Trade Groups Respond
Both CUNA and NAFCU have indicated they have concerns around how the proposal would affect third parties.
“Even though the proposed rule covers only third-party collectors, many credit unions use third-party collectors so it could indirectly impact credit unions," said CUNA's Chief Advocacy Officer Ryan Donovan. "As we review the proposal and prepare our comment, we will carefully consider the extent of this indirect impact on credit unions. However, we are pleased that the Bureau is taking steps to promulgate rules on a segment of the industry that has operated without adequate regulation and has been subject to judicial orders for several decades. This should bring some certainty to the operation of third-party collectors and may provide consumers with additional protections.”
Similarly, NAFCU Director of Regulatory Affairs Ann Kossachev said, “We appreciate the Bureau working to ensure consumers are provided with clear, upfront disclosures on the terms, conditions and obligations of their loans. However, NAFCU will carefully review the proposal to gauge any impact on our members, in particular where credit unions may work with third parties.”
Rule Provides ‘Clarity’
During the town hall in Philadelphia, Kraninger noted the rule provides clarity and balance for consumers and debt collectors, and anti-harassment provisions would still apply to communications via email and text messages under the proposed rule, reported NAFCU, which attended the event.
Kraninger was joined by Bureau staff and industry professionals to discuss numerous topics, including the cap on communications made, channels of communication, and validation notices.

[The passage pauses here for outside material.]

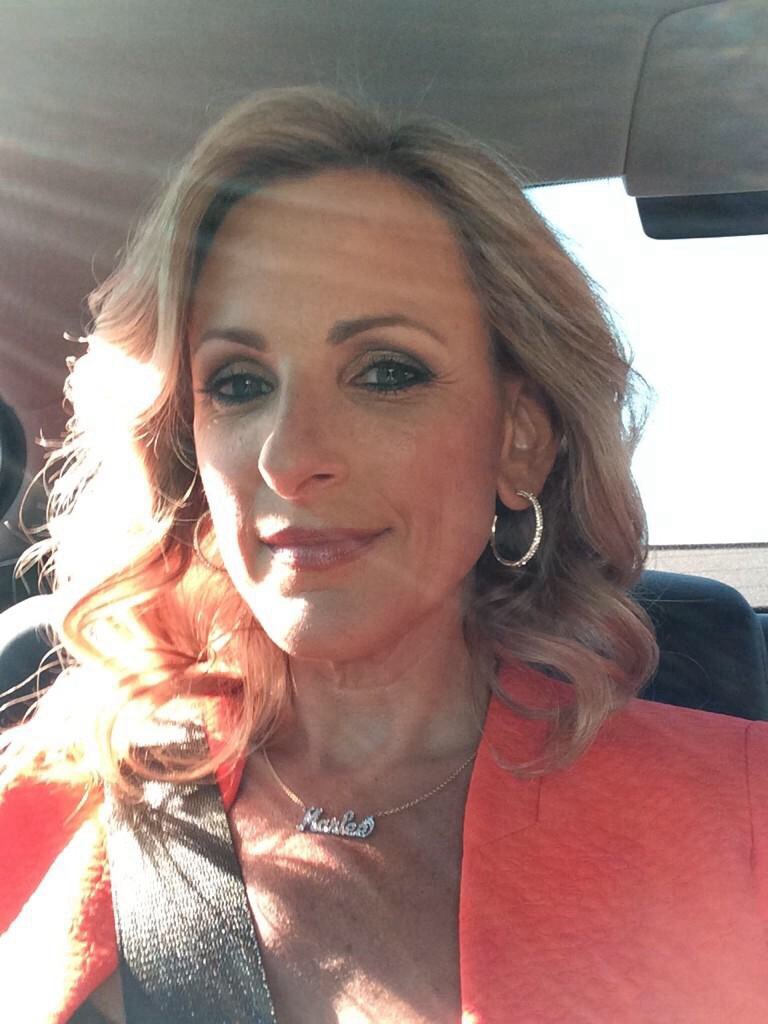 Marlee Matlin shows Marlee Matlin shows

In addition to financial industry worries, consumer advocates expressed their concerns over the ability to opt out of communications but no ability to opt into receiving communications via email or text message. included in the notice of proposed rulemaking.
Push for CU Exemption
NAFCU said it will continue to urge the Bureau to exempt credit unions from any rules related to first- and third-party debt collection, as credit unions “are not the bad actors in this space. Any rulemakings could have a negative impact on the credit union industry and would make it more difficult for credit unions to offer affordable, high-quality products to their members,” the trade association noted.
Kraninger, in her remarks prior to the panel, said the CFPB’s rule is intended to provide “clear rules of the road where consumers know their rights and debt collectors know their limitations,” reported CUNA, which attended the meeting.